Being a barrister specialising in civil liability representing both sides, claimants and defendants, I have decided to publish a response to the Law Commission’s question, which provides the heading for this article, regarding civil liability.
I focus on the problems which subcontractors in the field of remote driving may create for the efficacy and success of claims for compensation – and the relevant points which stakeholders in industry and insurers should be aware of.
A thicket of subcontractors: practical problems
1. Multiple parties and orders for costs potentially swallowing up claimants’ damages
The Law Commission gave an example of where injuries are caused when a remotely driven vehicle loses connectivity and can no longer be controlled by the remote driver, and the software designed to bring the car to a safe stop fails. The Law Commission noted that there is a possibility that victims may find it more difficult to obtain compensation if the organisation that set up the system subcontracted for remote drivers.
The basic rule is that parties are liable for actions of their employees acting in the course of their employment. This is termed ‘vicarious liability’. However, a main contractor is generally not liable for actions of independent subcontractors.
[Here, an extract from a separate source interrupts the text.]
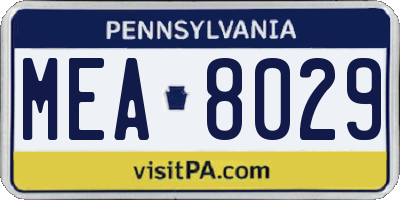 PA license plate MEA8029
It is not always clear in a given case whether fault may lie with a main contractor or a subcontractor. Road transport has generated these problems for many years: many of the leading cases on vicarious liability throughout the past decades have related to haulage.
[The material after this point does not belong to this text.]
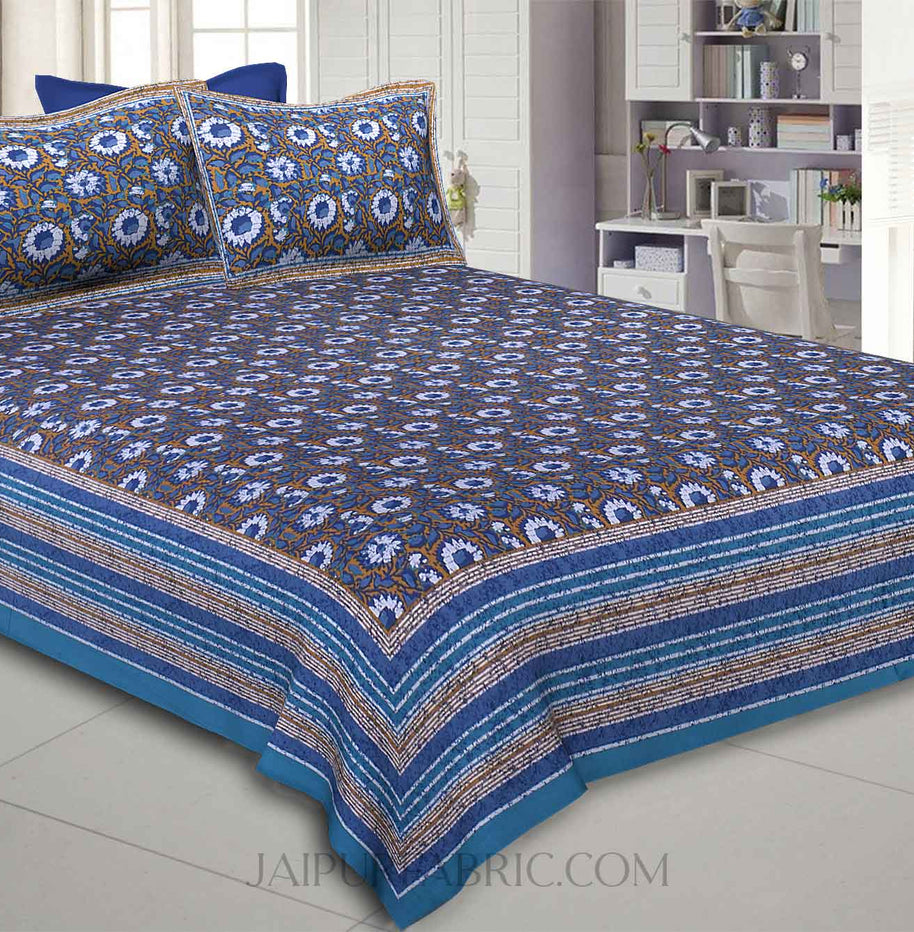 shubh utsav blue double bedsheet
In a position where there are subcontractors, it is often the case that potential defendants will seek to show that they are not at fault. In such situations, claimants and their legal advisors may be left in a difficult position as to whether they should issue against only one or multiple defendants.
Since April 2013, qualified one-way costs shifting (“QOCS”) has been in force in relation to personal injury claims. The effect of QOCS is that if a Claimant loses their claim for personal injury, orders costs cannot be enforced against them unless certain situations pertain, such as if they have been ‘fundamentally dishonest’. However, where there they have sued two defendants and been successful against one, the successful defendant may be able to enforce its costs against the claimant who unsuccessfully sued them, out of the damages which the other defendant has awarded them, up to the value of those damages. If a claimant succeeds against only one defendant, the costs of the successful defendant may well end up swallowing up the entirety of a claimant’s claim if awarded against the claimant rather than the unsuccessful defendant. This is tantamount to defeating the claim altogether. A claimant may seek an order that the defendant they successfully sued pays the costs of the defendant they unsuccessfully sued, but the decision as to whether to award such costs rests with the discretion of a judge.
By contrast, if they choose to sue just one defendant, they risk suing the wrong one.
In practice, what often occurs is that claimants’ advisors press both potential defendants, to show that if they do end up suing both, they have done so reasonably. From the industry perspective, it is therefore worthwhile ensuring that recording of any fault, and methods for demonstrating that the system was working, is as clear as possible. This means that if a claimant issues pre-action correspondence, it can be made utterly clear that fault does not lie with the system which the relevant company is responsible for.
But this does not, and will not, always happen.
Judges have discretion as to costs in such a situation. The key question, though not the only question, will be whether it had been reasonable for the claimant to claim against the successful defendant, on a holistic view of all the circumstances in the case. In practice, the lines between suing both an organisation running a system for remote vehicles and its subcontractor reasonably versus unreasonably will not always be clear, and will depend on the evidence in the case.
There are other factors at play. Judges may be more or less claimant or defendant friendly. Advocates may be more or less persuasive. Legal representatives and insurance loss adjusters may be better or worse at asking the right questions and setting out clearly their reasoning leading up to suing multiple parties. As those of us who regularly run cases before the courts will appreciate, judicial discretion based on all the circumstances of the case and reasonableness is a recipe for legal uncertainty.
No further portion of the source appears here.